Data excerpt —
==============================

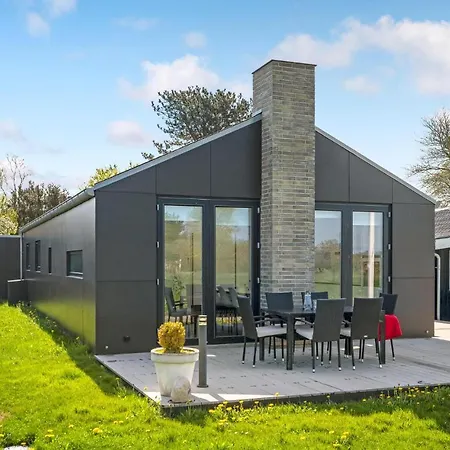 Prázdninový dům Three-bedroom In *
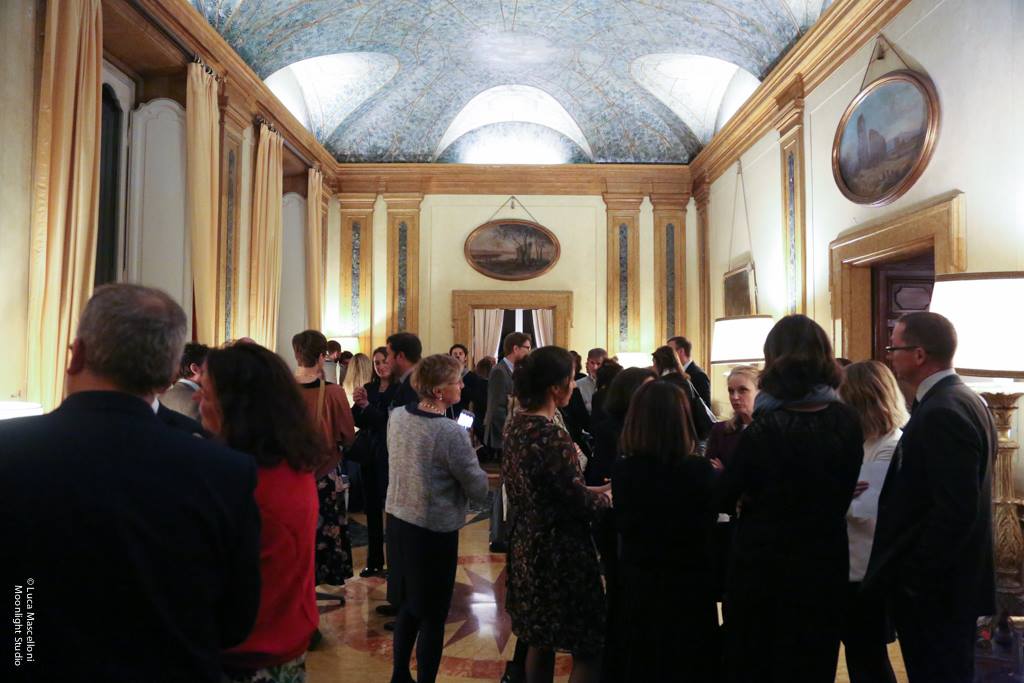 PonteViaNetwork's tweet photo. Grazie mille a Villa Bonaparte - Ambasciata di Francia presso la Santa Sede per aver ospitato il nostro evento Speednetworking! Grazie tante ai relatori Nicoletta Abbascià, Andrea Benigni, Eric Véron e alla moderatrice Anne Tréca. Grazie ai nostri partner e tutti i partecipanti! https://t.co/NAWinqjagD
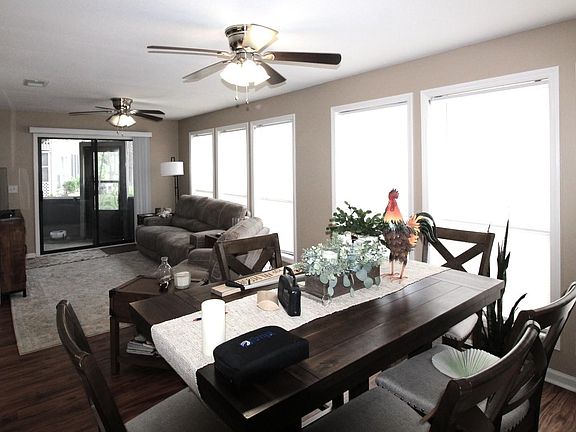 3rd image of 858 Tall Oaks Ct. #C-58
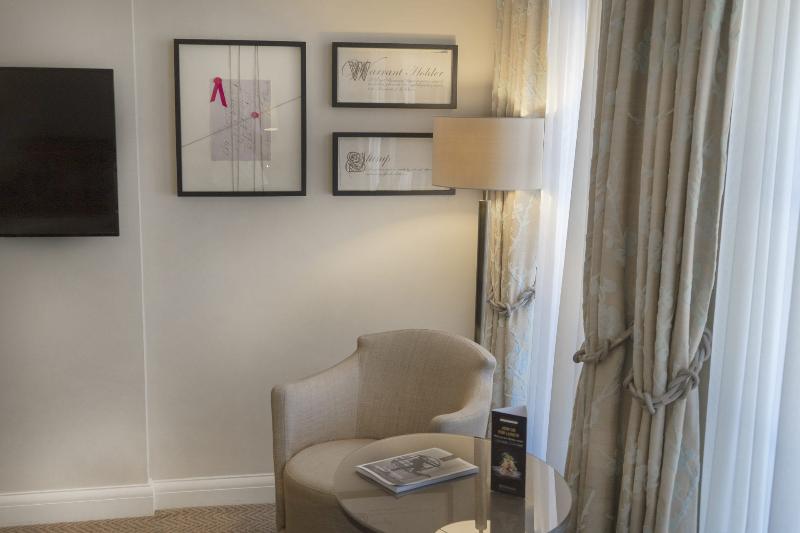 Castle Windsor Hotel - Oda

==============================

Directions for this task — Without the pictures, transcribe the lines from the one containing "3rd image of 858 Tall Oaks Ct. #C-58" through the end of the data, exactly and only those.

Output —
 3rd image of 858 Tall Oaks Ct. #C-58
 Castle Windsor Hotel - Oda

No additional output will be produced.